Bodvar lanzó una breve carcajada.

—Eres muy convincente, pero no confío en ti, viejo zorro. Esperaremos a ver qué presa nos traen estos perros de caza —contestó Bodvar.

 

Buri respiraba con dificultad en la cueva. El olor nauseabundo de la tierra podrida resultaba asfixiante y la gruesa capa de hojas marchitas no dejaba pasar los rayos del sol. La suave respiración de Regin y Signy era lo único que oía en aquella cueva, fría y oscura como una tumba, pensó Buri. El miedo fue apoderándose de él y pensó que, cuando los encontraran y los mataran, los dejarían ahí, en el mismísimo reino de los muertos.

Empezó a verlos delante de él en la tierra oscura: una multitud de rostros pálidos que habían abandonado la luz del día y habían acabado aquí, congelados en una quietud eterna.
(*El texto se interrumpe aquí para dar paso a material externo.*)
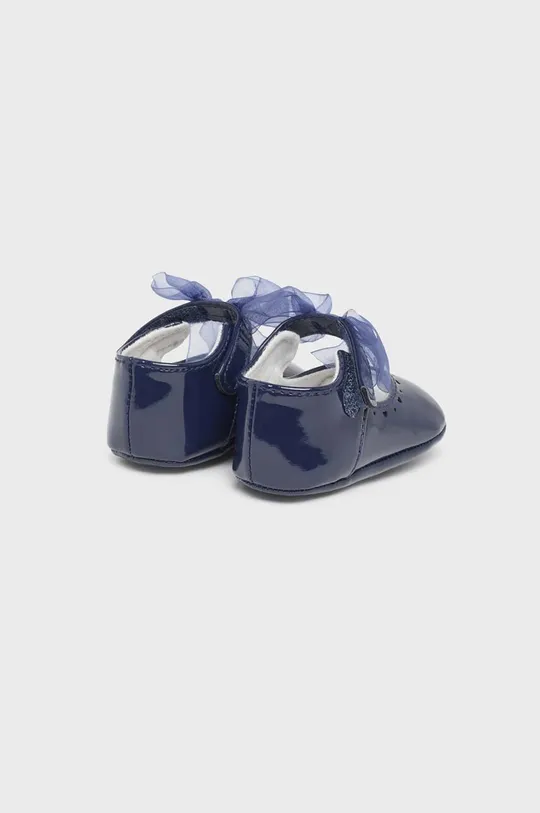 blu navy Mayoral Newborn scarpie per neonato/a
Pero sus ojos aún veían y todos se dirigían hacia los tres aterrorizados hermanos de la cueva.

—Están muertos… Nos están mirando —susurró Buri.

—Signy le tapó la boca con la mano.

—¡Silencio! —le siseó al oído.

Buri obedeció y Signy escuchó con atención los débiles sonidos del exterior. Fuera de la cueva, una ligera brisa agitaba las hojas y se oía el débil cántico de unos pájaros.

De repente, un arrendajo graznó muy cerca. Signy se puso rígida y, sin darse cuenta, rodeó con los brazos los hombros de Buri y Regin.

Al instante oyeron las voces.

—¿Cuánto tiempo tenemos que estar dando vueltas por este bosque? Menuda pérdida de tiempo —dijo una voz.

—Tienes razón, pero a ver quién se atreve a decirle eso a Bodvar —respondió otra.

—Mira ese montón de hojas secas de ahí abajo. Alguien podría esconderse ahí, ¿no crees?

—Sí, un ratón o una familia de bichos bola. Vámonos, nos hemos quedado rezagados del grupo.

—Voy a echar un vistazo.

Aterrorizada, Signy aguantó la respiración y abrazó con fuerza a sus hermanos.

La punta de una lanza atravesó la capa de hojas, se movió a ciegas de un lado a otro, rozó la suela de uno de los zapatos de Signy y desapareció.

—¿Vienes o qué?

—Ya voy.

Las voces fueron alejándose. Signy exhaló muy despacio mientras Buri y Regin se enderezaban como podían. El terror que los había invadido hacía un momento empezó a desvanecerse.

Llevaban mucho tiempo en aquel agujero diminuto donde no podían sentarse con la espalda recta ni estirar las piernas. Regin tenía un calambre en una pierna y cada vez le dolía más. Intentó estirarla, pero chocaba contra la dura pared de la cueva.

—Ya se han ido, ¿salimos? —susurró.

—¿Qué ha dicho Grutte? Que le esperemos aquí —dijo Signy agarrándole con fuerza del brazo.

Regin suspiró profundamente, pero se quedó sentado.

 

Por fin oyeron la voz de Grutte llamándoles. Apartaron las hojas y entrecerraron los ojos al encontrarse con los brillantes rayos del sol.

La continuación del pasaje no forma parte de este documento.